- [Short descriptive text snippets]:
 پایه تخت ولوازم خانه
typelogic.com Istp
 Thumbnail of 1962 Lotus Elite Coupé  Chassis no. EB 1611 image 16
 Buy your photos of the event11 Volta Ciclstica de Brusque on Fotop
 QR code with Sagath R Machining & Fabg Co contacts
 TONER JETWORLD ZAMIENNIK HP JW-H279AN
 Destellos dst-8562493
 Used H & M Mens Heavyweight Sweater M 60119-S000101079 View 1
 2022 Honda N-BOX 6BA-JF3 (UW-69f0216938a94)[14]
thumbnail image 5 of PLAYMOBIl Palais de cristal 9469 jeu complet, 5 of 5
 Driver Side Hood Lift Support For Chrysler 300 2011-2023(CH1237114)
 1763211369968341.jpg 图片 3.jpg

--

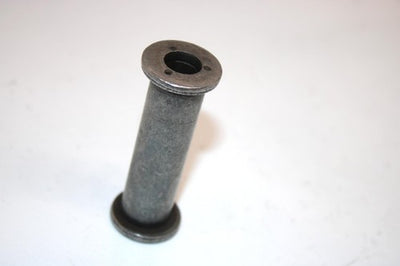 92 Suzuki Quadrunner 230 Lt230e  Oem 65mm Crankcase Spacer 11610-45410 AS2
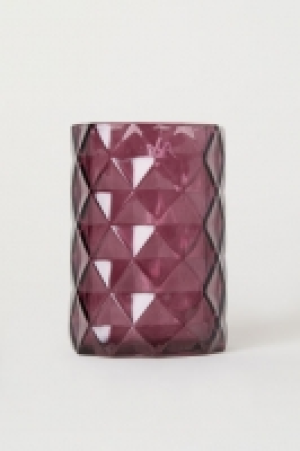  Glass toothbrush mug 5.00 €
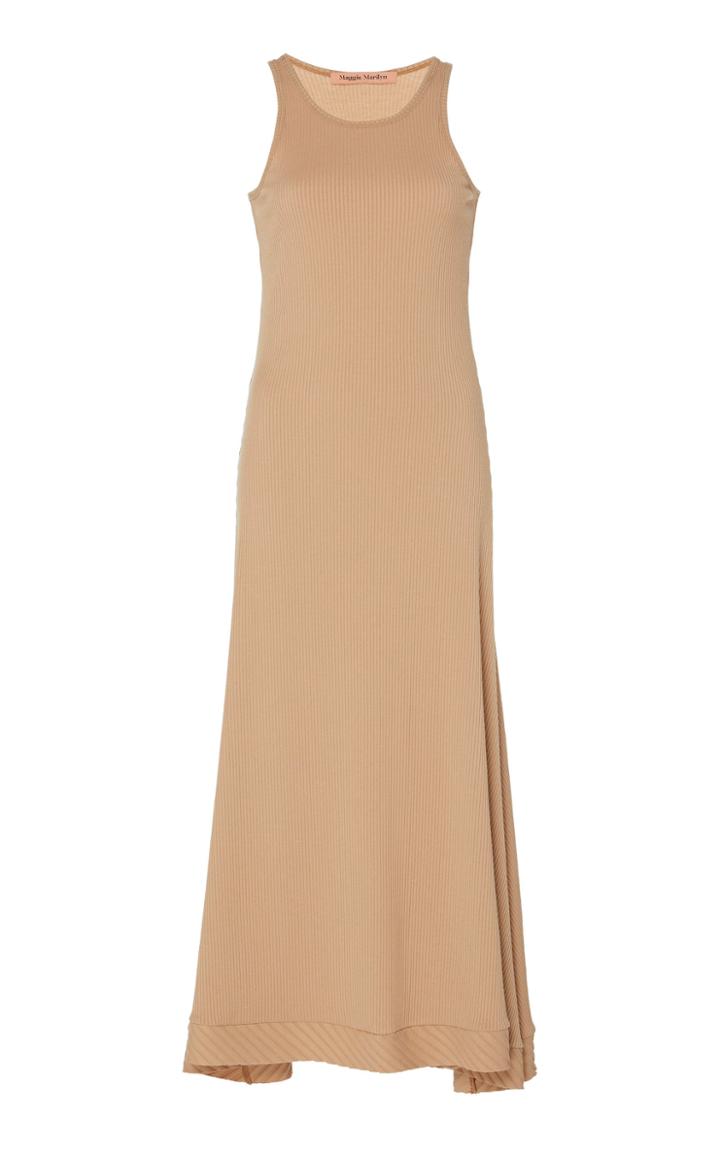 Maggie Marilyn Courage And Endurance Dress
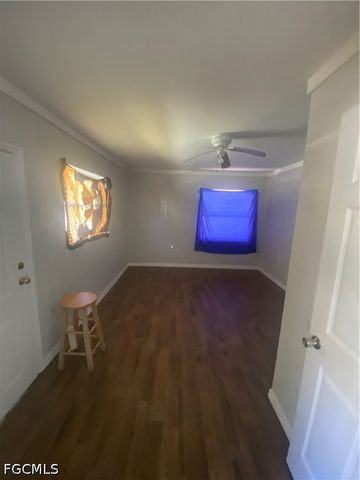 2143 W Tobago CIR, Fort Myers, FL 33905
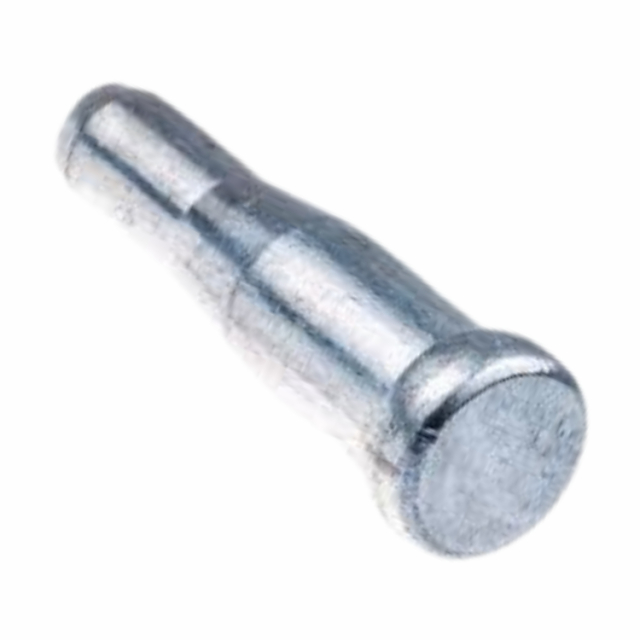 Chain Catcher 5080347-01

- [THE TASK]: Retype exactly the lines of the data above that fall between the line with "پایه تخت ولوازم خانه" and the line with "1763211369968341.jpg 图片 3.jpg", inclusive, and add nothing.

- [PROBLEM SOLUTION]:
 پایه تخت ولوازم خانه
typelogic.com Istp
 Thumbnail of 1962 Lotus Elite Coupé  Chassis no. EB 1611 image 16
 Buy your photos of the event11 Volta Ciclstica de Brusque on Fotop
 QR code with Sagath R Machining & Fabg Co contacts
 TONER JETWORLD ZAMIENNIK HP JW-H279AN
 Destellos dst-8562493
 Used H & M Mens Heavyweight Sweater M 60119-S000101079 View 1
 2022 Honda N-BOX 6BA-JF3 (UW-69f0216938a94)[14]
thumbnail image 5 of PLAYMOBIl Palais de cristal 9469 jeu complet, 5 of 5
 Driver Side Hood Lift Support For Chrysler 300 2011-2023(CH1237114)
 1763211369968341.jpg 图片 3.jpg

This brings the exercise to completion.